# Short article on green bean prices



## MikeHag (Mar 13, 2011)

Very interesting, and helps explain what is behind the price of high quality roasted speciality coffee. When you factor in all the 'other' costs there really doesn't seem to be that much margin for roasters.

http://timwendelboe.no/2012/02/coffee-prices-2011/


----------



## fatboyslim (Sep 29, 2011)

Its a scary article. With current prices increasing the way they are, is there a sustainable future for coffee?

I got showed some hourly trading prices for some commodity coffees at work for a few hours on one particular day and the fluctuation was incredible.

I'd struggle to remember any exact figures but even the average fluctuations for the last quarter has been massive, partly due to the poor Colombian crop the last few years which has had a big impact.

I know our commodities team are worried about the sharp increase of buying quality green bean and I think we are hedging the price we buy at from certain places. I'm not sure thats possible when buying in lots.

I believe this means we pay more in the short term but its a fixed rate over a set period as to avoid steep increases in the future.

This allows for better forecasting but shorter profits in the short term.

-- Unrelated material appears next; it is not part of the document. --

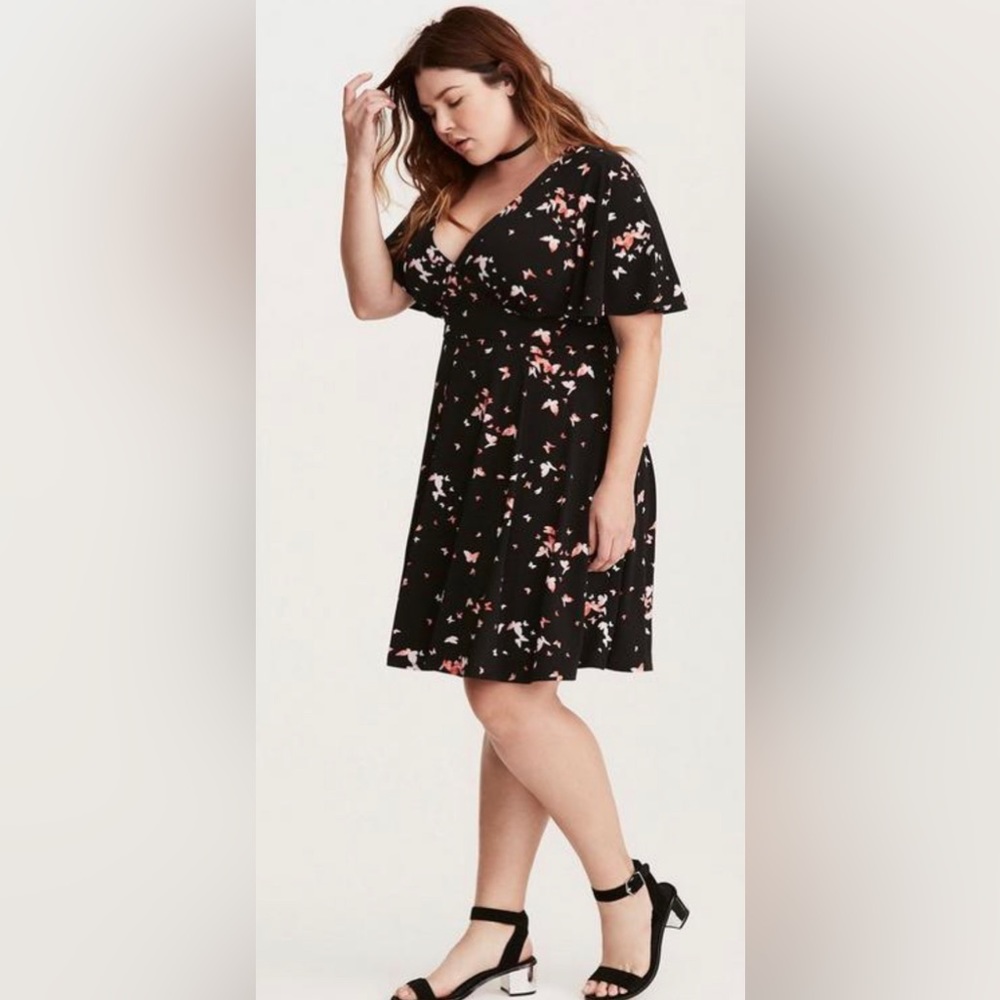 Torrid Butterfly Print V-Neck Flutter Sleeve Dress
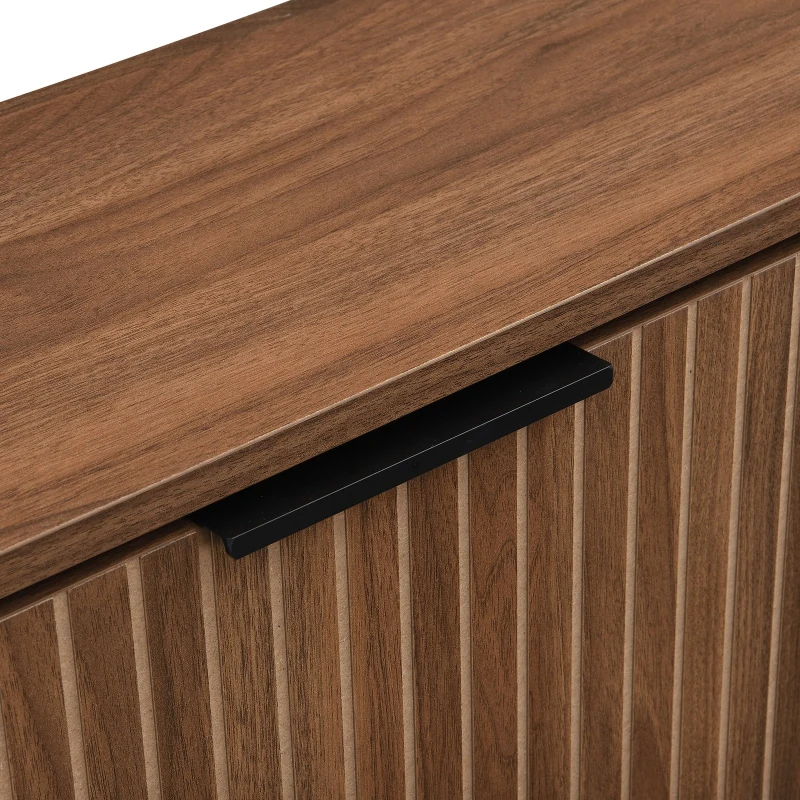 Modern Shoe Cabinet with Double-Tier Flip Doors, Space-Saving Hallway Organizer for Up to 24 Pairs, 105L x 24W x 90H cm, Walnut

Tea is a much more lucrative commodity









P.S. Hopefully I haven't disclosed anything I shouldn't have lol


----------



## Spazbarista (Dec 6, 2011)

Well, there seem to be roasteries springing up all over the place which suggests it isn't a bad way to make money.

I think the big factor for us, and this will stretch across all 'luxury' goods, is when our money ceases to be worth much compared to the Yuan, the Rupee, and the Real, and those populations develop their taste for quality coffee.


----------



## MikeHag (Mar 13, 2011)

Exactly what I was thinking, expo. Japan already buys up a lot of the great auction coffees. Brazil now consumes more than it exports. I said it a few months ago... Direct trade relationships seem a very good idea to me. Only problem is that small roasters may not have the volumes or cashflow to support it.

The other thing is, lots of micro roasters seem to buy beans (from importers) for perhaps £6 a kg and they are sometimes quite unremarkable beans.


----------



## sicknote (Sep 5, 2011)

I fly to Ethiopia later in the month and will try to post the prices paid to small growers.


----------



## MikeHag (Mar 13, 2011)

Would be good to know as a start. Still doesn't tell us the roaster's total landed cost and other overheads, and each roasters apportioned costs will differ, but it's perhaps somewhere close to say that an average roaster may make 50% gross profit, which might be reduced to 15-20% net profit after overheads. For a low volume business that would make it tough going.

Have fun in Ethiopia. Holiday?


----------



## Stevenp6 (May 17, 2011)

Coffee prices are high, but the cost to the supplier is still very low compared to the selling price. Coffee has one of the highest mark-ups of all goods (apart from software).


----------



## wastedhours (Jan 2, 2012)

But then the roaster I was looking at is best part of £20k (you can get cheaper ones in the same category, but you'd still need an afterburner/emissions capturer if you're near other businesses, weighing equipment, lab equipment). Then about £20kpa excluding rates for the lease on appropriate premises, then bills etc. That's a lot of £2-£3 profit-per-bags to break even...


----------



## MikeHag (Mar 13, 2011)

Stevenp6 said:


> Coffee prices are high, but the cost to the supplier is still very low compared to the selling price. Coffee has one of the highest mark-ups of all goods (apart from software).


Can you help me understand your comment a bit more please? Whose mark-up are you meaning? The supplier (eg roaster) when selling to coffeeshops, or the coffeeshops when selling to consumers?

Coffee mark-ups/margins are often thrown around in misleading ways. People say "there's 85% profit margin on coffee". 85% of £2 is £1.70. Take off your cost of milk if it's a latte... £1.50. WOW people say. Massive. Ok. What else that day?

- rent: £100 (per day)

- rates £40

- wages £100 (two staff)

- electricity £10

Total: £250

Ok so £250 / £1.50 means you have to sell 166 coffees BEFORE MAKING A PENNY OF PROFIT! And that's not even considering costs for equipment depreciation, banking costs, insurance, accountancy etc etc

Sorry, but the REAL profit on coffee is low. Mark-up means nothing on its own.


----------



## sicknote (Sep 5, 2011)

MikeHag said:


> Have fun in Ethiopia. Holiday?


Part holiday, part business.......meeting lawyers to finalise land purchase in Addis Ababa. Then looking for additional land and more importantly a small coffee farm or a parcel of land that would be suitable for growing coffee.


----------



## RolandG (Jul 25, 2010)

wow - exciting! What are your thoughts on the ECX? Does it put you off?


----------



## sicknote (Sep 5, 2011)

The last time I was in Ethiopia a lot of the smaller farmers had no access to the current trading data so were still in the hands of traders.

Our aim is to set up a travel/tour business rather than make money from coffee production. We will have accommodation built in various locations that will be used by clients. There is decent money to be made in Africa.


----------